(Dataset extract Opens)
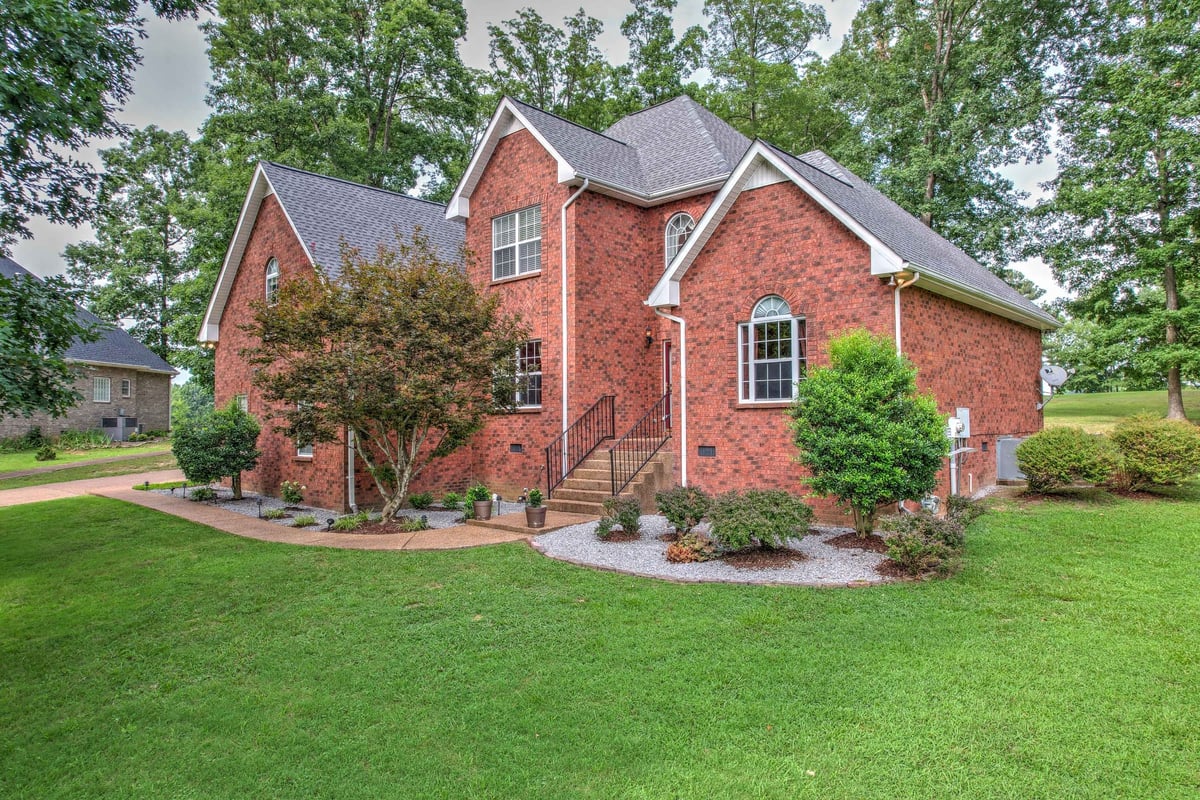 1029 FAIRWAYS DR, GREENBRIER, TN 37073 ⋆ Blackwell Realty and Auction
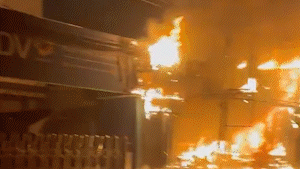 Cửa hàng quần áo cháy lan sang ngân hàng ở Bình Chánh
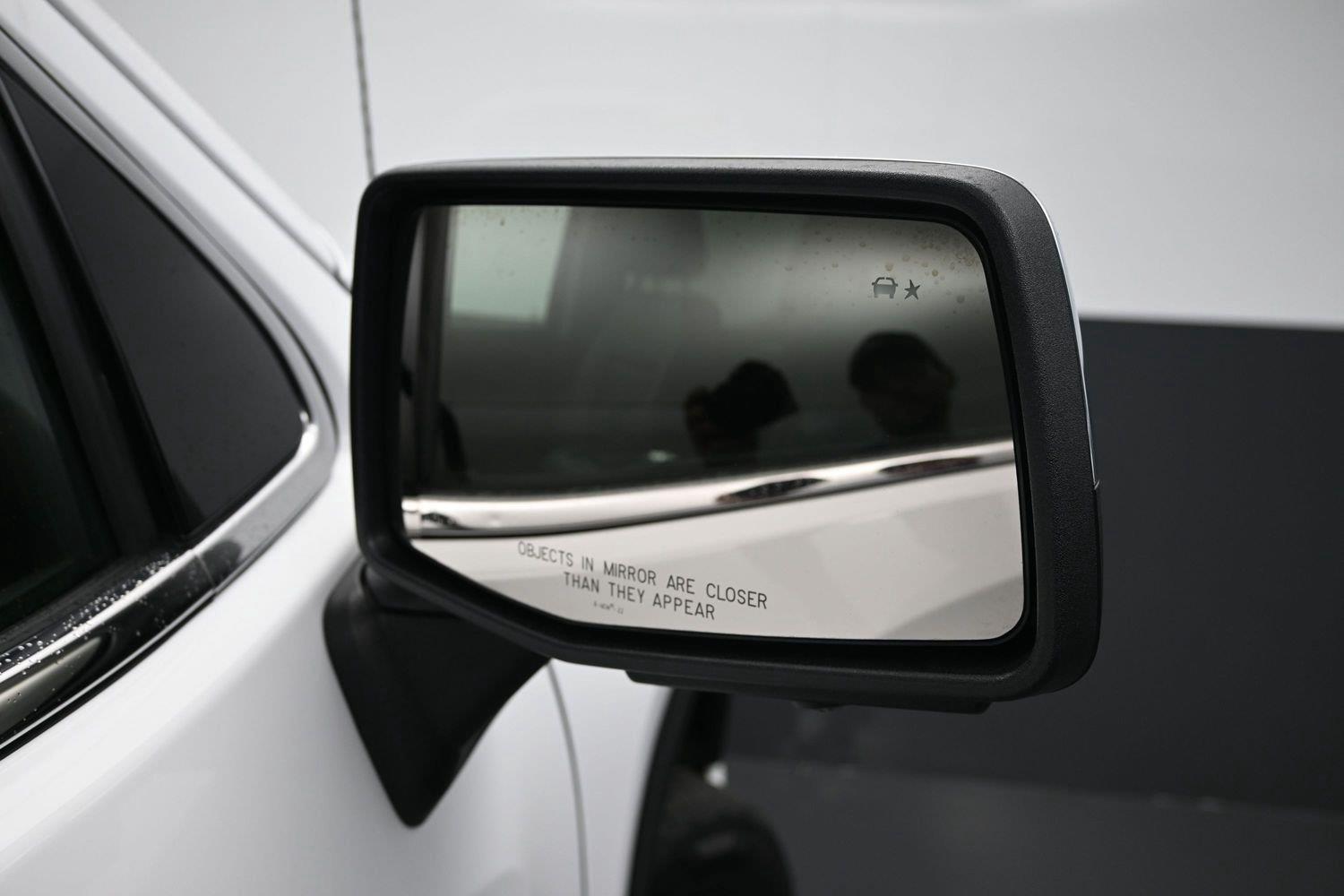 Used 2022 Summit White GMC Denali image 10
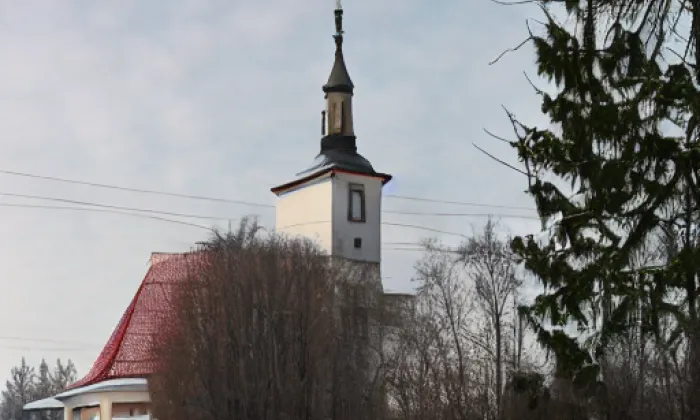 kostel Nejsvětější Trojice (Pouchobrady) – winter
(Dataset extract Closes)
#### Work to be completed:
Please copy the data shown above precisely, leaving the images out.

#### Response:
 1029 FAIRWAYS DR, GREENBRIER, TN 37073 ⋆ Blackwell Realty and Auction
 Cửa hàng quần áo cháy lan sang ngân hàng ở Bình Chánh
 Used 2022 Summit White GMC Denali image 10
 kostel Nejsvětější Trojice (Pouchobrady) – winter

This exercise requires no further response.